BAGHDAD • The Iraqi government has dismissed a call from US Secretary of State Rex Tillerson for Iranian-backed paramilitary units that helped Baghdad defeat ISIS to end operations in Iraq.
Speaking after a meeting on Sunday with Iraqi Prime Minister Haider al-Abadi and Saudi Arabia's King Salman, Mr Tillerson said it was time for the Iraqi Popular Mobilisation Forces and their Iranian advisers to "go home".
Washington is concerned that Iran, a Shi'ite regional power, will take advantage of gains against the Islamic State in Iraq and Syria to expand the influence it gained after the US invasion in 2003, something Sunni Arab rivals such as Riyadh also oppose.
"Iranian militias that are in Iraq, now that the fight against ISIS is coming to a close, those militias need to go home.
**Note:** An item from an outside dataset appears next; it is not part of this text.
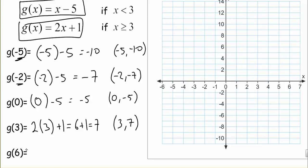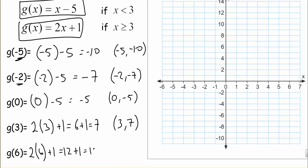Our last input is 6. Since 6 is greater than 3, we use the bottom equation: 2 times 6 plus 1. 2 times 6 is 12, and 12 plus 1 is 13, so that's an input of 6 and an output of 13.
The foreign fighters in Iraq need to go home and allow the Iraqi people to regain control," Mr Tillerson said at a joint news conference with Saudi Foreign Minister Adel Jubeir.
A senior US official indicated that Mr Tillerson was referring to the Iranian-backed Popular Mobilisation Forces and the al-Quds Force of the Islamic Revolutionary Guard Corps.
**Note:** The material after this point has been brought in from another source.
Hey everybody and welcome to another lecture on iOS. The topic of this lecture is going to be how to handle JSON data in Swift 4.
But Mr Abadi yesterday showed unwillingness to meet Mr Tillerson's demand.
No party has the right to interfere in Iraqi matters.
STATEMENT FROM THE OFFICE OF IRAQI PRIME MINISTER HAIDER AL-ABADI
"No party has the right to interfere in Iraqi matters," a statement from his office read. It did not cite the Prime Minister himself but a "source" close to him.
Trained and armed by Iran, the Iraqi Popular Mobilisation Forces often supported Iraqi government units in the fight against the militants who were effectively defeated in July when a US-backed offensive captured Mosul, their stronghold.
They are paid by the Iraqi government and officially report to the Prime Minister, but some Arab Sunni and Kurdish politicians describe these militias as a de facto branch of the Iranian Revolutionary Guards Corp.
Iraq's Sunni neighbours, including Saudi Arabia, share Washington's concerns over Shi'ite power Iran's influence in Iraq, where the population is also predominantly Shi'ite.
But the office of Mr Abadi, who is himself a Shi'ite, said the forces were under the authority of the Iraqi government.
"Popular Mobilisation are Iraqi patriots," it said in the statement.
The United States trained tens of thousands of Iraqi soldiers in the course of rebuilding the Iraqi armed forces and has over 5,000 troops deployed in the country, providing key air and ground support to the offensive on ISIS.
In Teheran yesterday, President Hassan Rouhani said Iran's position in the Middle East had never been stronger, without responding directly respond to Mr Tillerson's comments on Sunday. "The greatness of the nation of Iran in the region is more than at any other time," Mr Rouhani said in a speech carried by the state broadcaster.
"In Iraq, Syria, Lebanon, northern Africa, in the Persian Gulf region - where can action be taken without Iran?"
But despite its powerful position in the region, Mr Rouhani said Iran's regime was under threat from fierce infighting between conservatives and moderates at home.
"We should not think that damaging one part of the system will strengthen the other part. No, the whole system will collapse," he warned.